Of all our contributions to the house’s evolution though, designing and planting the garden has been one of my most cherished ways to imprint onto Irv – a passion passed down to me by my parents. On either side of the front entry, tired woody evergreens were replaced with architectural rectangular paver-defined perennial beds. My favorite deep purple Siberian irises and globemaster alliums bloom early to announce the garden season. Thriving fragrant Russian sage, graceful swaying ornamental grasses, yellow floreted coreopsis, white little bobo hydrangea, frothy plumed astilbes and shasta daisies buzz with pollinating bees and hint at the colorful vitality inside the house.
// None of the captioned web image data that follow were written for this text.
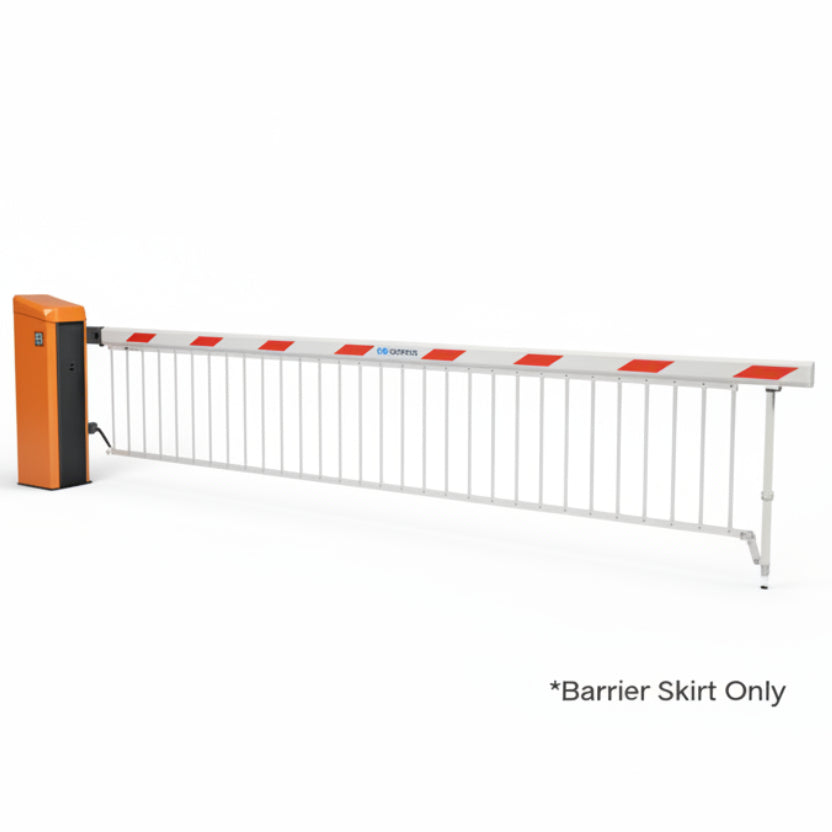 MicroDrive Skirt For 15' MicroBoom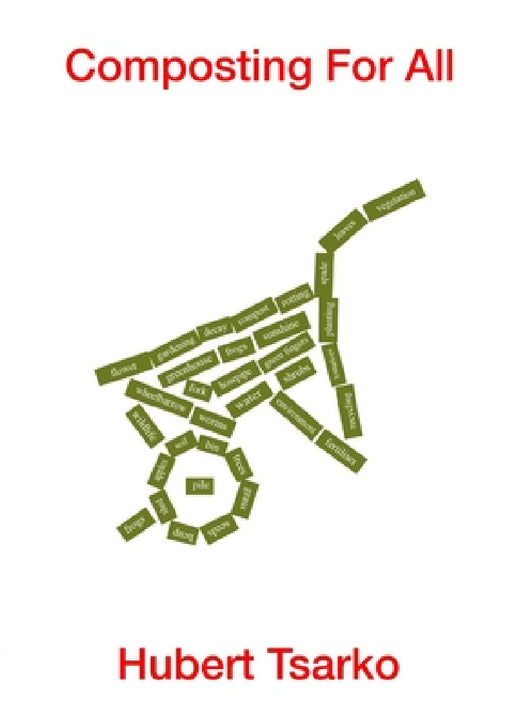 Composting For All by Hubert Tsarko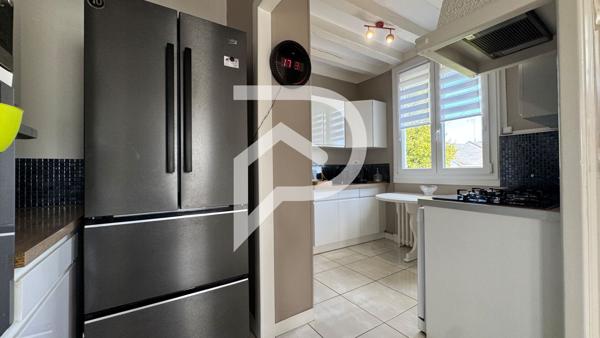 Maison 5 pièces 120 m2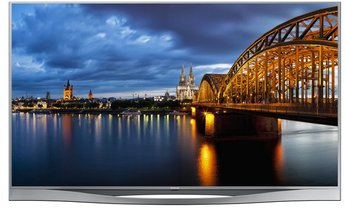 Produktfoto Samsung UE46F8500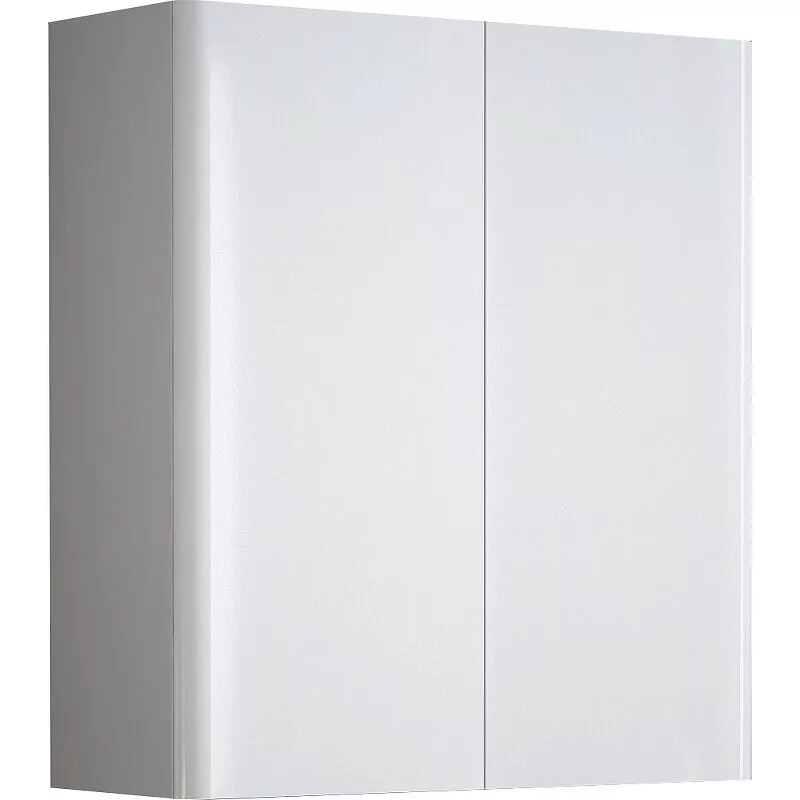 Шкаф навесной Corozo Алабама 60 белый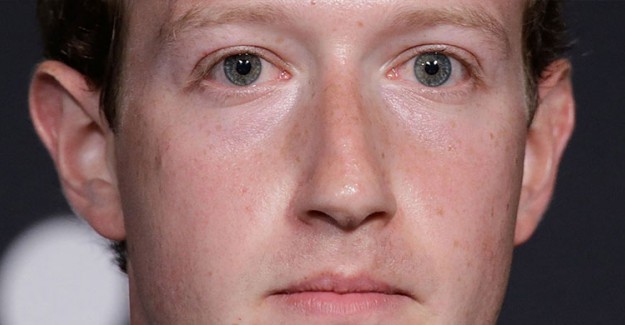 Facebook'un Veri Skandalı Belgelendi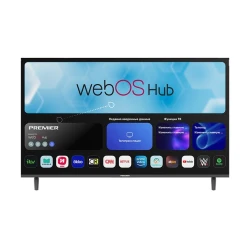Televizor Premier 50PRM2020USV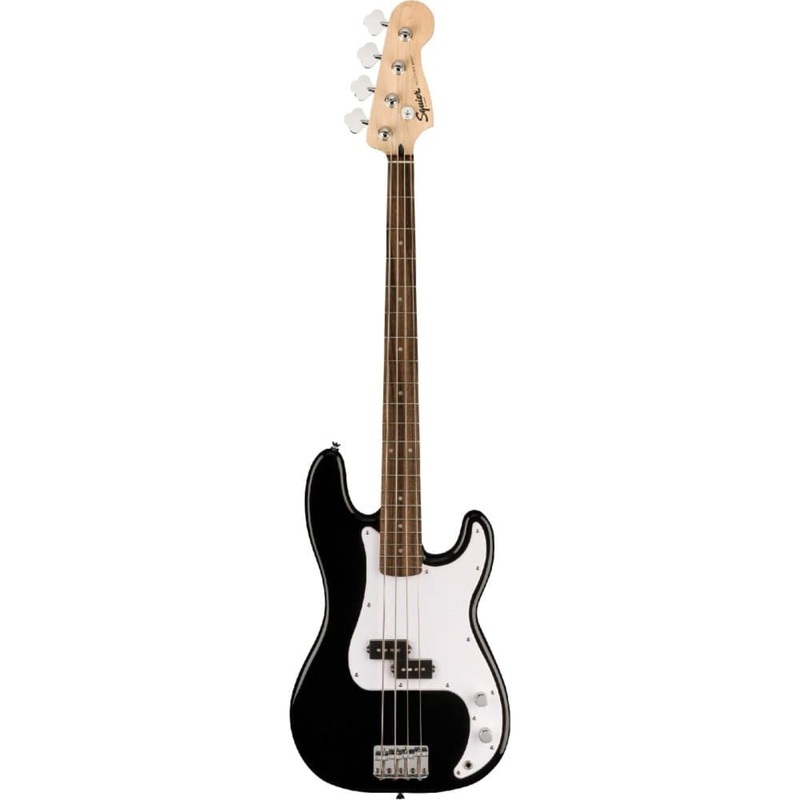 Fender Squier Sonic Precision Bass Guitar – Open Box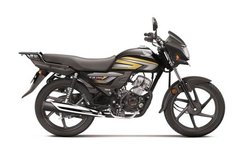 होंडा ने लॉन्‍च किया सबसे किफायती बाइक का नया वर्जन, कीमत 50 हजार से भी कम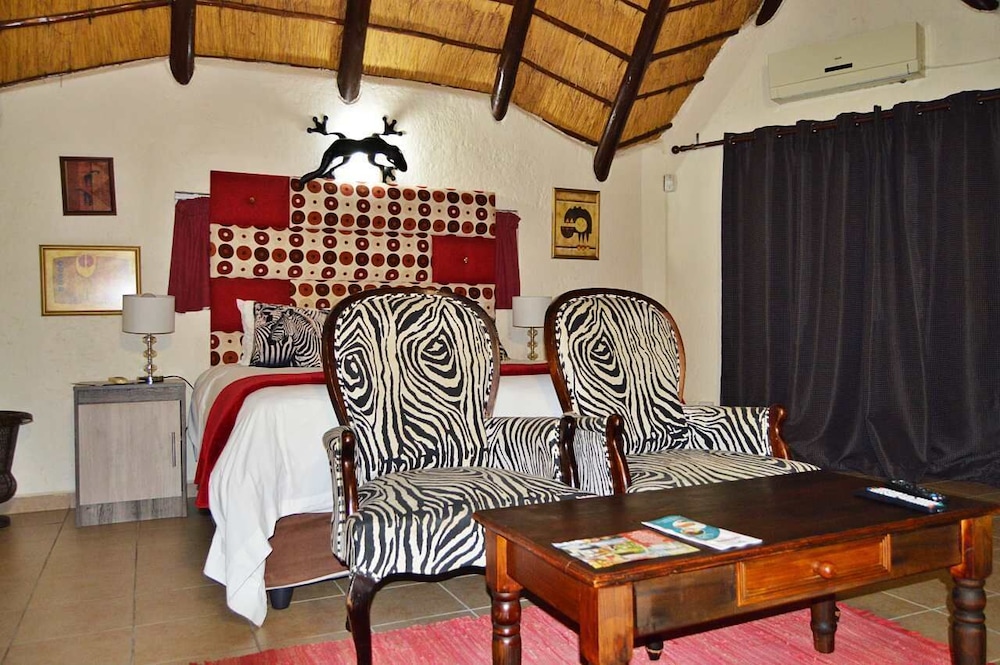 Royale Marlothi Safari Lodge 56/73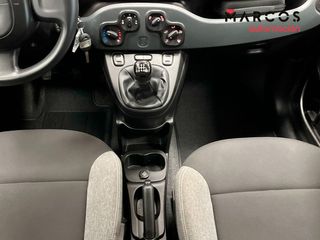 Fiat Panda Panda Hybrid 1.0 Gse 51kw (70CV)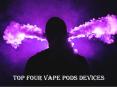 Top Four Vape Pod Devices PowerPoint PPT Presentation
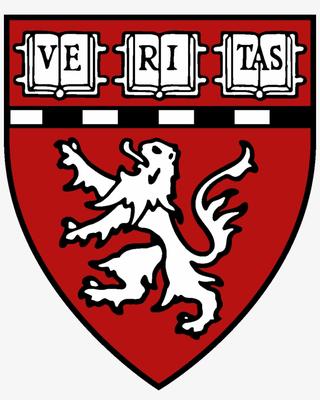 harvard hms logo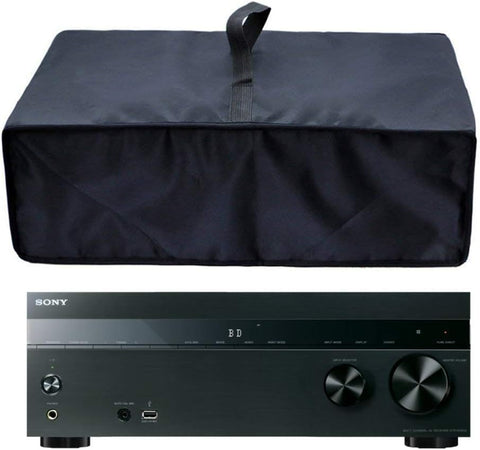 CYGQ Water Resistant Antistatic Premium Nylon Fabric Dust Cover for Sony STR-DN1080 / STRDH550 Receiver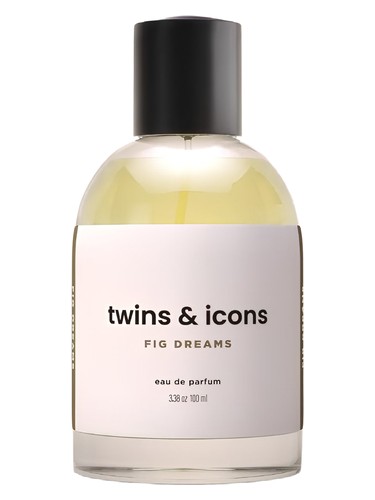 Fig Dreams Twins & Icons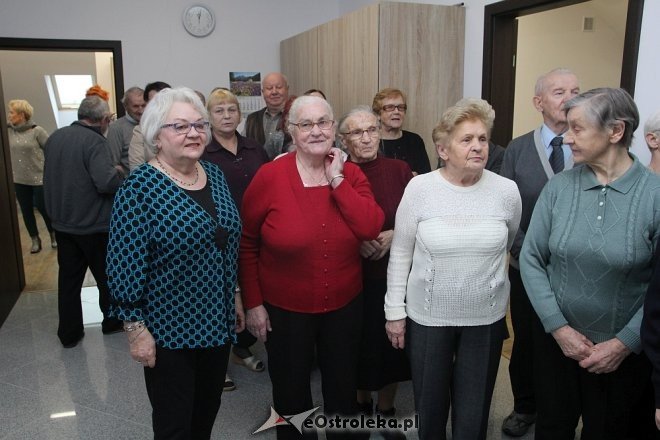 Dzienny Dom „Senior+” w Olszewie-Borkach oficjalnie otwarty [ZDJĘCIA] - zdjęcie #3 - eOstroleka.pl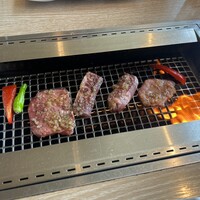 横浜焼肉kintan -  横浜焼肉kintan -
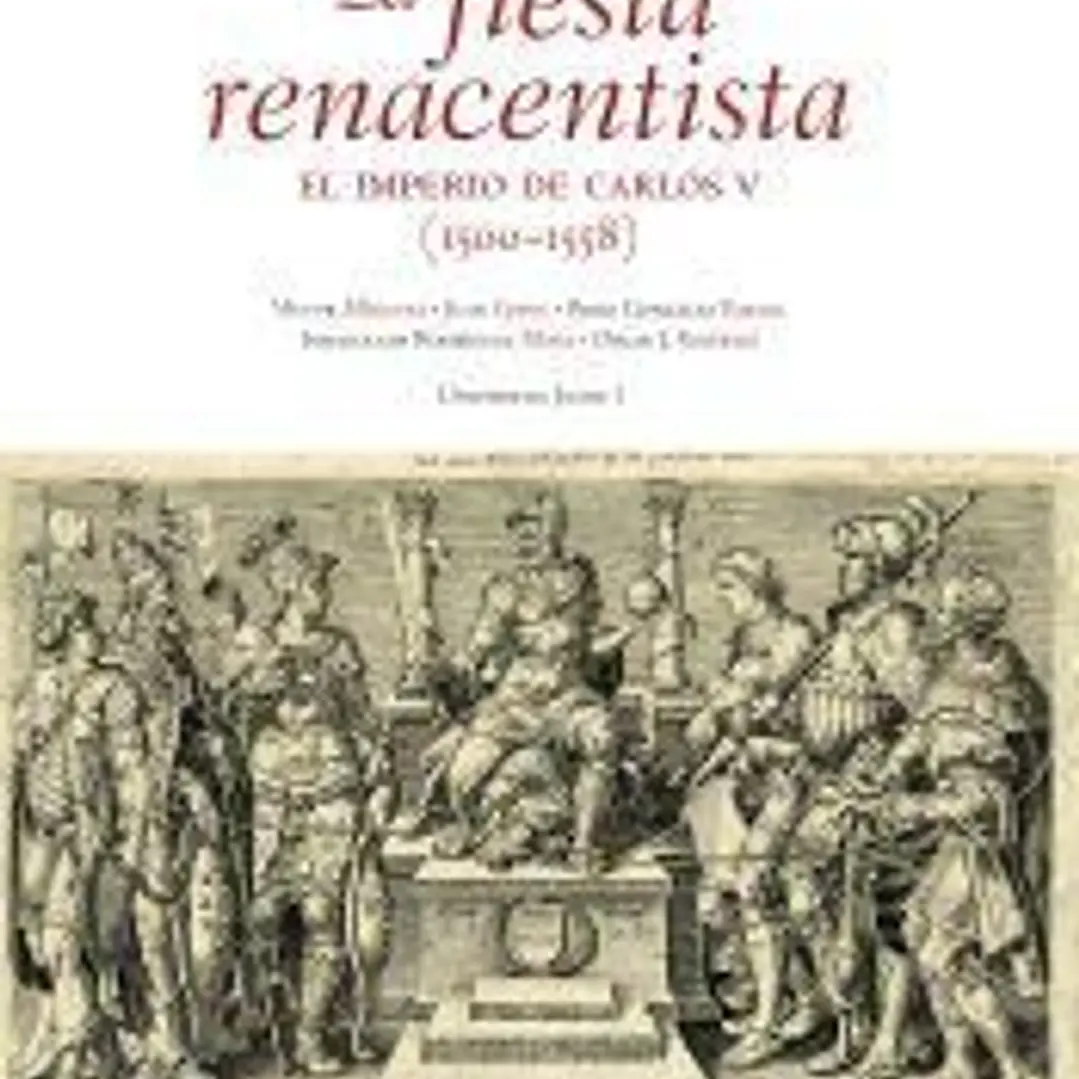 LA FIESTA RENACENTISTA. EL IMPERIO DE 1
Our family of four, plus our mixed-breed orange and white puppy Ava, consider this home an integral part of our story and we want to be part of Irv’s story too. We concealed a mason jar time-capsule with a family photo and notes to future residents within a wall of the kitchen during its renovation, imagining that someday the fifth, sixth or seventh family may discover it. Maybe they will learn that when Braun A. Borgese played his cherry red drum set from the bright attic den and Francesco R. Borgese strummed his guitar from his room with the built-in shelves that you could hear their exuberant music on the corner at Deerhurst; that decades of New Years were toasted with prosecco by the Borgeses and Jurons in the living room, as a fire burned in the hearth which was flanked by framed photographs of generations of family; that many a “Happy Birthday” was sung in the dining room or on the back patio depending on the time of year; that projected movie nights in the 3-season porch were a lot of fun; that Antonino Borgese cooked delicious family meals in the modern kitchen and maintained the house meticulously; that the lovely neighbors became dear friends; that while the brothers played basketball and tetherball in the driveway, they tried to avoid crushing the backyard butterfly garden that their mother created with them; that the yellow daylily that Tony gifted to Denise at her Philadelphia rowhouse and traveled to their Washington DC condo porch and then was planted in Western New York; that many soccer balls menaced potted herbs on the patio and the bed against the back of the house filled with spring-blooming bleeding hearts, red twig dogwoods, purple-flowered spiderwort, more astilbes and a statue of St. Francis of Assisi; that Ava giddily sprinted across the backyard while chomping on pieces of forbidden mulch; that many milestones, like first days of school, graduations and birthdays were commemorated with a photograph posed by the front porch and garden; that Denise M. Juron-Borgese enjoyed looking up at brilliant yellow fall foliage from the tree swing that the branches of the honey locust were finally strong enough to support and she delighted in receiving compliments on her garden from passersby while she tended to it.